普段出会わないような境遇、職業の人、色々な事情を抱えていたり抱えていなかったりする人たちの本音を窺うことができるようで、興味深いと同時に、私はなぜか少しホッとする。みんな色々あるんだなあと。
さて、12/1放送の『ドキュメント72時間』の舞台は、(私の大好きな)たい焼き店だった(2019年放送の再放送←このときも見ている)。
舞台は、四谷の「たいやき わかば」。人形町の「柳屋」、麻布十番の「浪花家総本店」と並び、東京三大たい焼きと称される、有名なお店。
上の記事によると、小説家(直木賞作家)・演劇評論家の安藤鶴夫氏による「鯛焼きのしっぽにはいつもあんこがありますやうに」を社訓としているらしい(なんて素敵な社訓だこと!)。
今回も色々な人がマイクを向けられる。
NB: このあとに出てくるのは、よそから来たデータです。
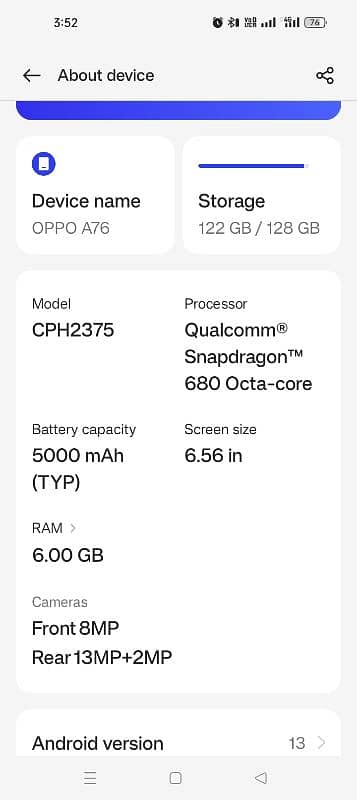 oppo a76 9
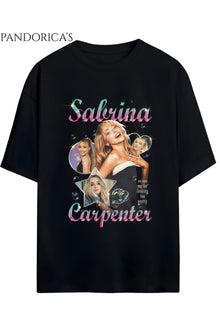 Sabrina Carpenter Baskılı Yazılı Unisex Relaxed Kalıp Pamuklu T-shirt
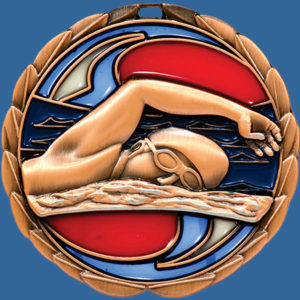 MS902Bt Stained Glass Swimming Medal Antique Bronze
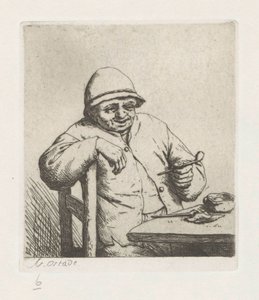 Kolunu bir sandalyenin üzerinde sigara içen çiftçi by Adriaen van Ostade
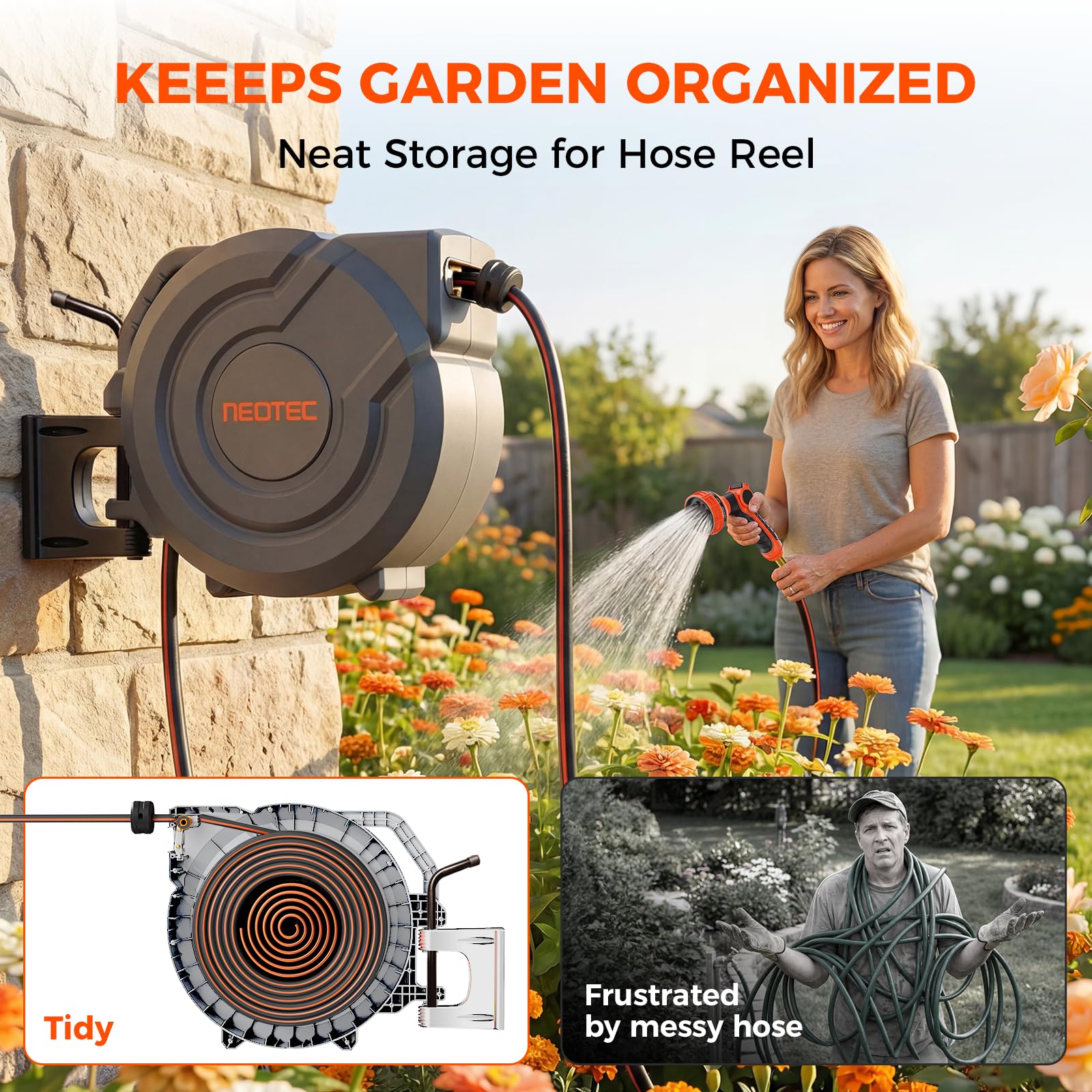 NEOTEC 155ft 1/2 Inch Retractable Garden Hose Reel, Heavy Duty UV Resistant Wall Mount G501250A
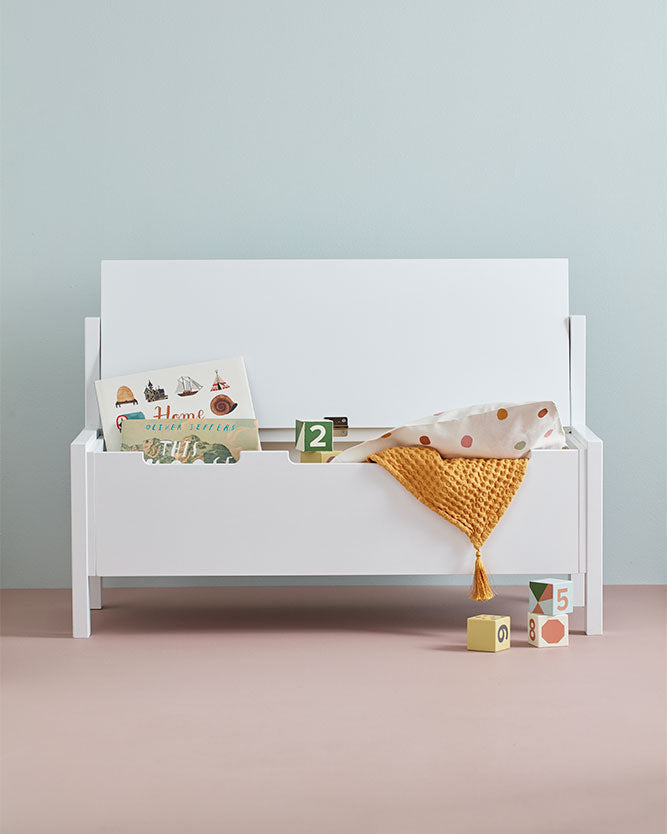 Banc avec rangement blanc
お子さんを亡くしたことで死生学を学び始めた人、会社勤めを辞めて舞台俳優になり、とても充実した人生となったと話す人、塾帰りに親子でたい焼きを頬張る人・・・など。
個人的に興味深かったのは、自分以外の誰かのためにたい焼きを買いに来た人が複数人いたこと。
子供のため、いつもお世話になっている近所の人のため、一緒に働く部下のため・・・など。
特に、焼き立てを食べさせてあげたいからと足早にカメラの前から去る人の姿は印象的だった。
ふと我が身を振り返ると、私がたい焼きを買うのは基本的にいつも自分のため。よくて、一緒に暮らしている家族に買うくらい。
たい焼き店で買うたい焼きって、たいていは簡易な包装で、保存にも不向きだから、他人にプレゼントするのなら、すぐに渡せる相手に、計画的に、買っていかないといけない。
だから、もらった方からしたら、「この人、私のためを思って買ってくれたんだな」と感じることができて、一層嬉しいかもしれない。
素敵なことだ。
でも私は、やっぱり、自分のためだけにたい焼き店に並び、渡されたたい焼きをその場で、またはイソイソと帰って家で、たったひとりで食べるのも結構好きなのだ。大好きなものはシェアするのも素敵だと分かっていつつ、いや、大好きだからこそ、独り占めしたいとも思っている。